Goal of the exercise: Reproduce the entries verbatim; no pictures.

########################################

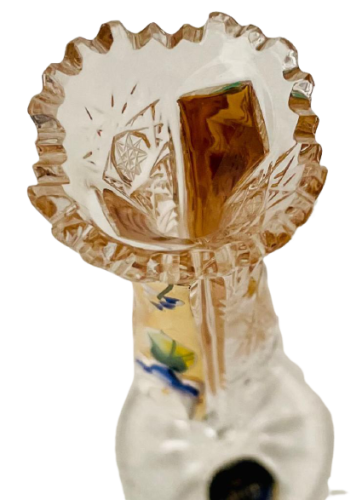 Jarrón de cristal tallado dorado - Altura 13cm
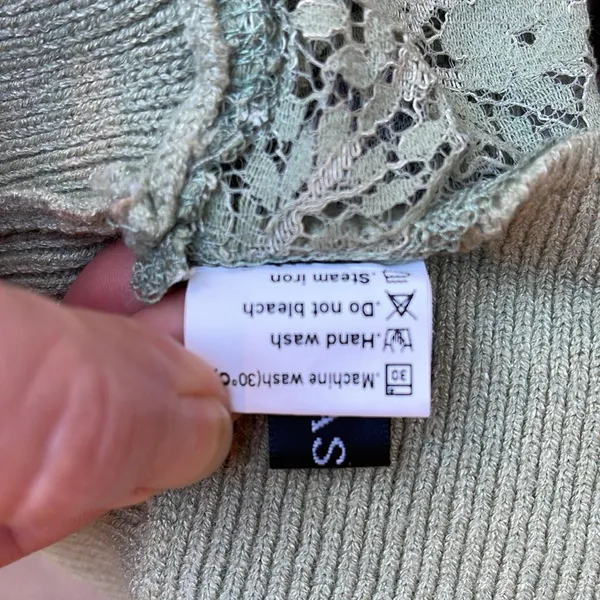 NWOT Fashion Green Sweater Lace Sheer Sleeves & Open Back Lace Design size XL - Image 16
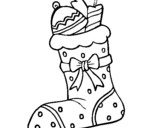 Coloring page Stocking with presents II painted byyuan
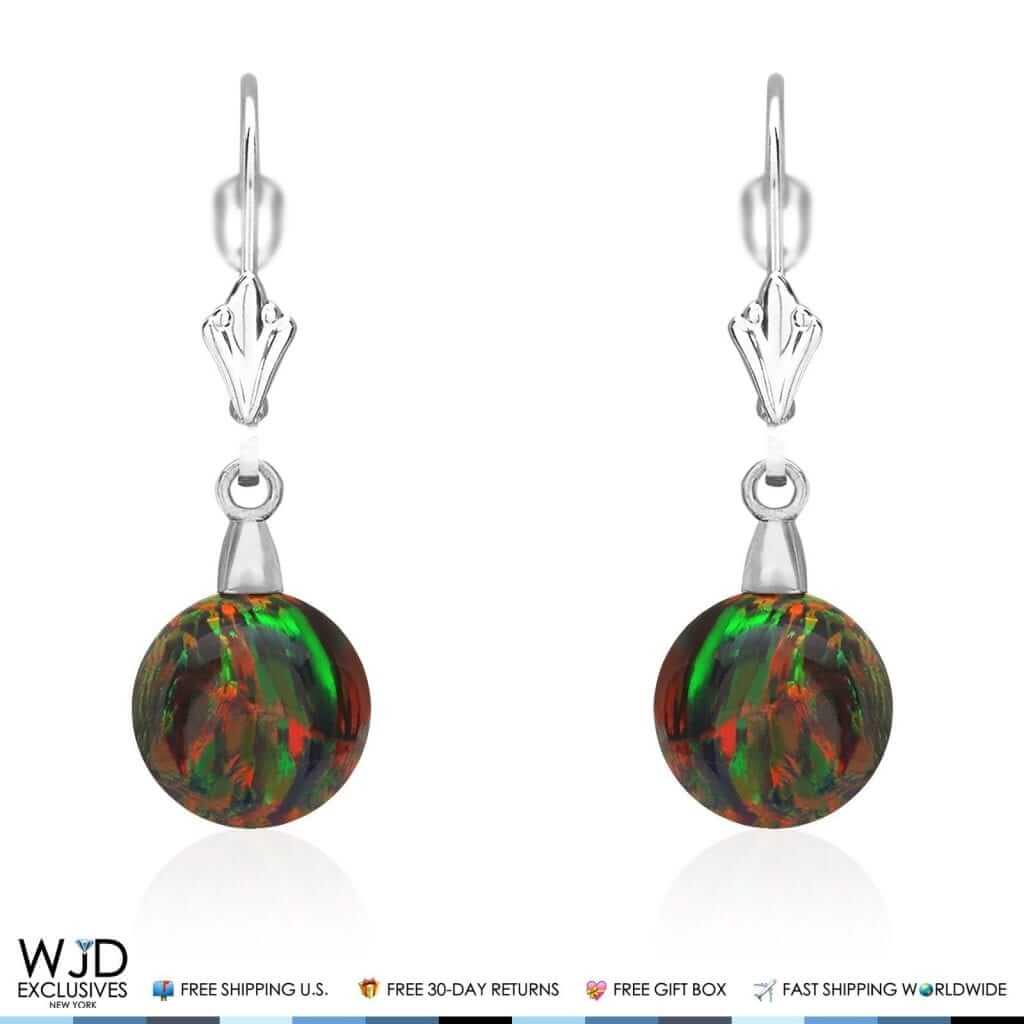 10mm Ball Shaped Black Fire Opal Dangle Leverback Earrings 14K White Gold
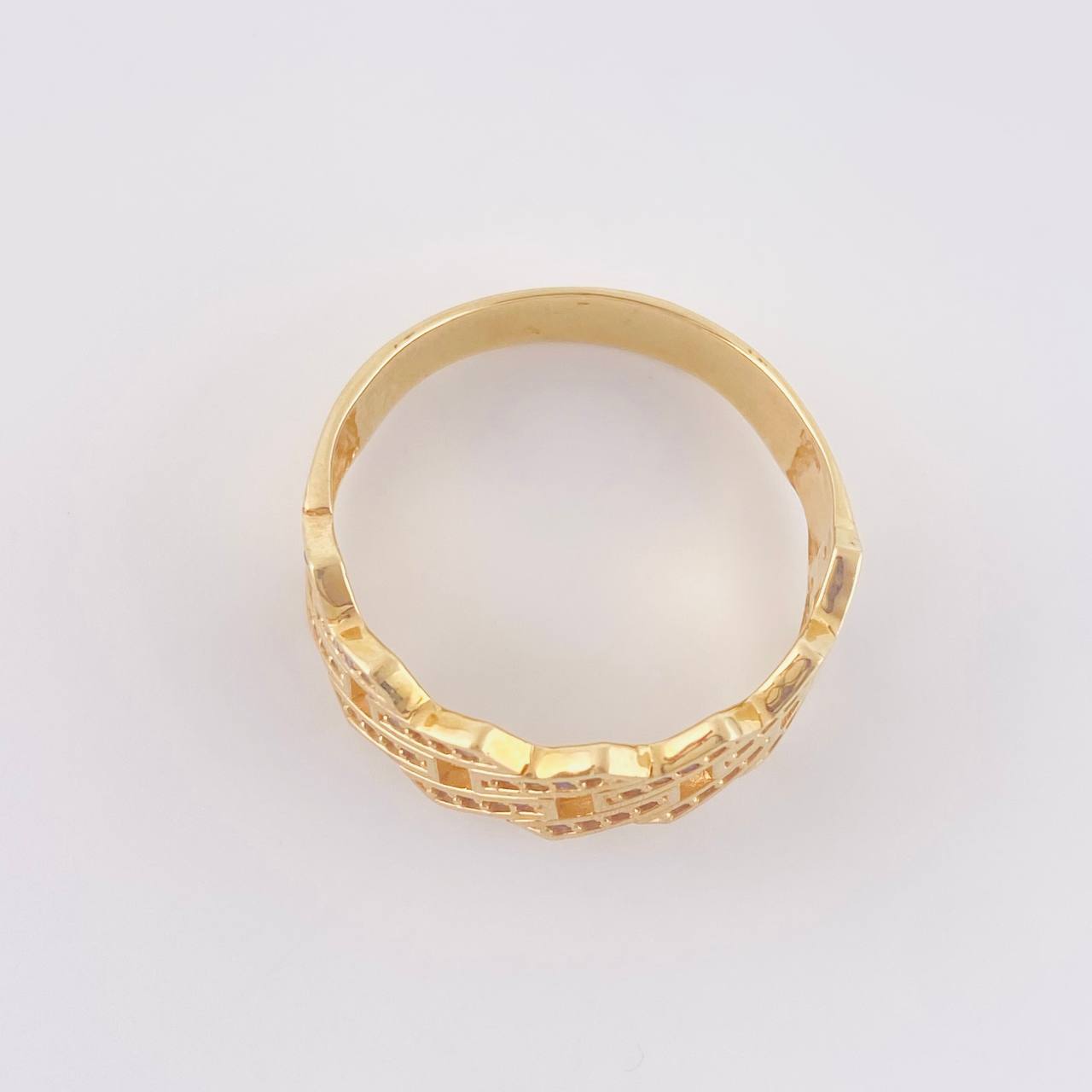 Square Cuban Ring 4.25g / Size 10 3/4 Yellow Gold 18K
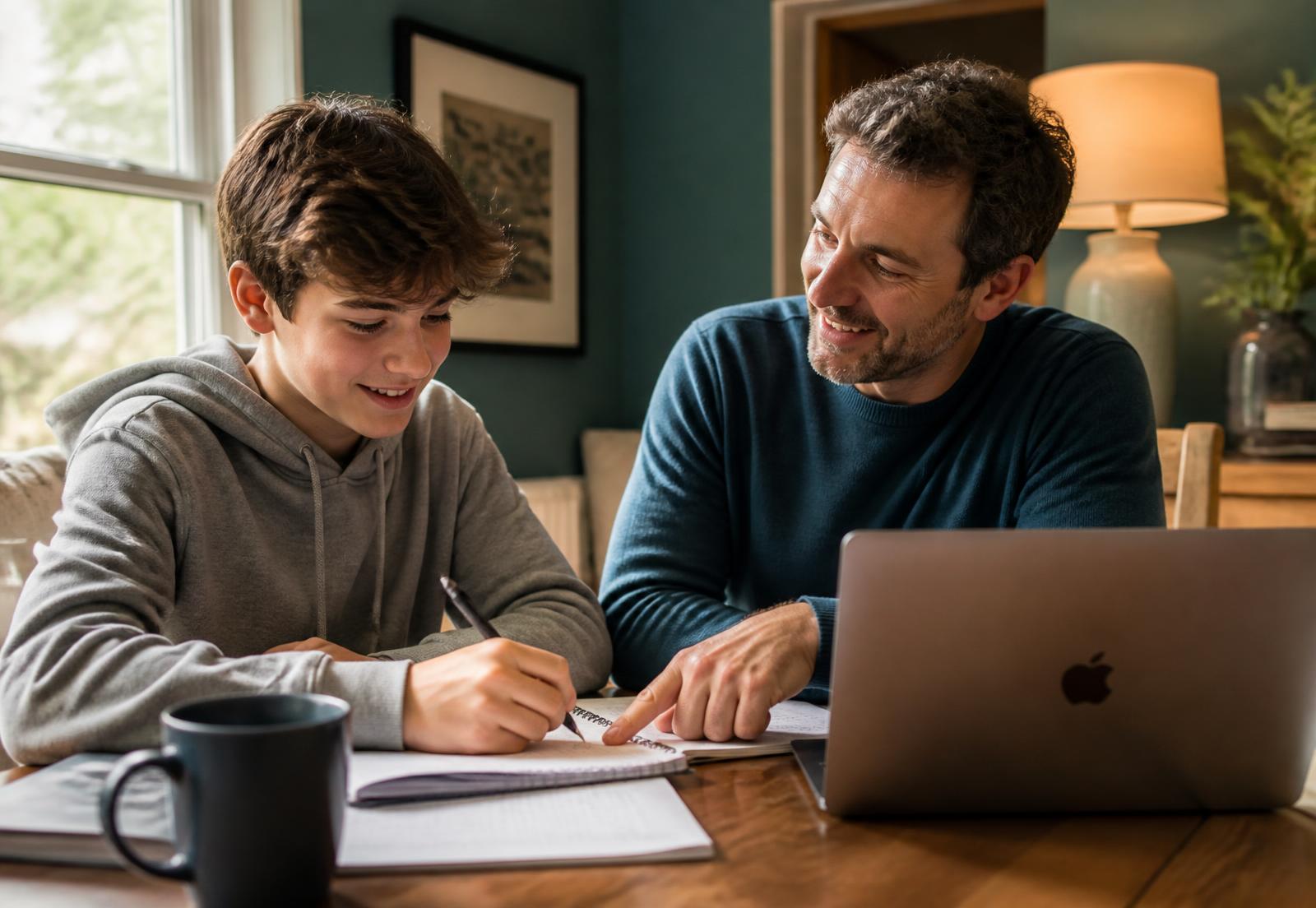 Un tuteur d'École Plus aide un élève avec ses devoirs à la maison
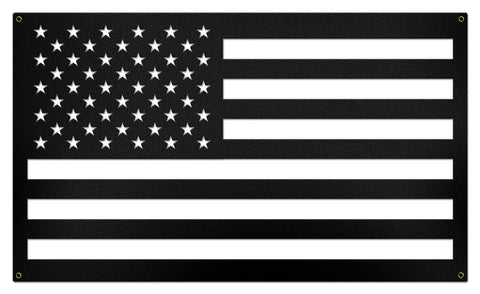 American Flag Silhouette Metal Sign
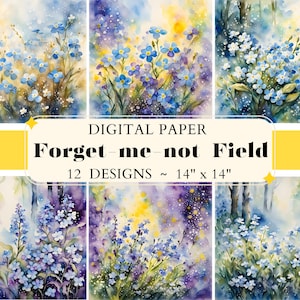 Forget-Me-Not Flower Field Digital Paper: Scrapbook & Junk Journal (12 Designs)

########################################

Solution to this exercise:
 Jarrón de cristal tallado dorado - Altura 13cm
 NWOT Fashion Green Sweater Lace Sheer Sleeves & Open Back Lace Design size XL - Image 16
 Coloring page Stocking with presents II painted byyuan
 10mm Ball Shaped Black Fire Opal Dangle Leverback Earrings 14K White Gold
 Square Cuban Ring 4.25g / Size 10 3/4 Yellow Gold 18K
 Un tuteur d'École Plus aide un élève avec ses devoirs à la maison
 American Flag Silhouette Metal Sign
 Forget-Me-Not Flower Field Digital Paper: Scrapbook & Junk Journal (12 Designs)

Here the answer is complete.